On Sunday, June 5, 2005, at 02:49 PM, George Sakkis wrote:

> David Pratt wrote:
>> Hi.  I am creating methods for form validation. Each validator has its
>> own method and there quite a number of these.  For each field, I want
>> to evaluate errors using one or more  validators so I want to execute
>> the appropriate validator methods from those available.  I am 
>> iterating
>> over each validator using validateField method to gather my results. 
>> It
>> works but it ugly and inefficient.  Can someone advise whether there 
>> is
>> a better way of doing this.  I realize that the validator variable in
>> my iteration is only a string so question is how can I make the
>> validator string reference a function so I may be able to shorten
>> validateField to something similar to this (instead of my long list of
>> ifs which I am not very happy with):
>>
>> 	for validator in validators_list:
>> 		result = validator(name, value)
>> 		if type (result) in StringTypes:
>> 		results[name] = result
>>
>> Many thanks
>> David
>>
>> My current situation below:
>>
>> # A large list of validators
>> def isDecimal(name, value):
>> 	""" Test whether numeric value is a decimal """
>> 	result = validateRegex(name,
>> 		value,
>> 		r'^([+-]?)(?=\d|\.\d)\d*(\.\d*)?([Ee]([+-]?\d+))?$',
>> 		errmsg='is not a decimal number.',
>> 		ignore=None)
>> 	return result
>>
>> def isZipCode(name, value):
>> 	""" Tests if field value is a US Zip Code """
>> 	result = validateRegex(name,
>> 		value,
>> 		r'^(\d{5}|\d{9})$',
>> 		errmsg='is not a valid zip code.',
>> 		ignore=None)
>> 	return result
>>
>> ... more validators
>>
>> # Iterating over validators to gather field errors
>> def validateField(name, value, validators_list, range=None,
>> valid_values=None):
>> 	""" Validates field input """
>> 	results={}
>> 	for validator in validators_list:
>> 		if validator == 'isContainedIn':
>> 			result = isContainedIn(name, value)
>> 			if type (result) in StringTypes:
>> 				more...
>> 		if validator == 'isDate':
>> 			result = isDate(name, value)
>> 			if type (result) in StringTypes:
>> 				more...
>> 		if validator == 'isDecimal':
>> 			result = isDecimal(name, value)
>> 			if type (result) in StringTypes:
>> 				more...
>>
>>                   more validators ...
>
>
> That's a typical case for using an OO approach; just make a class for
> each validator and have a single polymorphic validate method (I would
> make validators __call__able instead of naming the method 'validate'):
>
> # Abstract Validator class; not strictly necessary but good for
> documentation
> class Validator(object):
>     def __call__(self,field,value):
>         '''Validate a value for this field.

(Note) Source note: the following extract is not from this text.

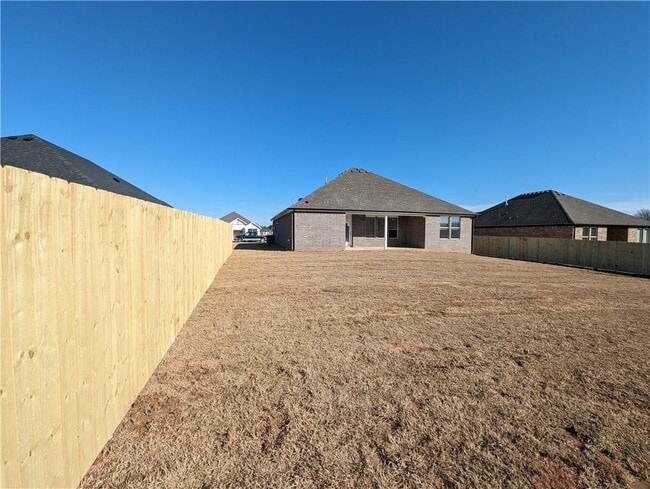 Building Photo - 385 W Branta St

>         Return a string representation of value on success, or None on
> failure.
>         '''
>         raise NotImplementedError("Abstract method")
>
>
> class DecimalValidator(Validator):
>     def __call__(self,name,value):
>         '''Test whether numeric value is a decimal.'''
>
> class ZipCodeValidator(Validator):
>     def __call__(self,name,value):
>         '''Test if value is a US Zip Code.'''
>
>
> def validateField(name, value, validators):
>     """ Validates field input """
>     results = {}
>     for validate in validators:
>         result = validate(name,value)
>         if result is not None:
>             results[name] = result
>             # XXX: if more than one validators succeed,
>             # all but the last result will be overwritten
>     return results
>
> # test
> validators = [DecimalValidator(), ZipCodeValidator()]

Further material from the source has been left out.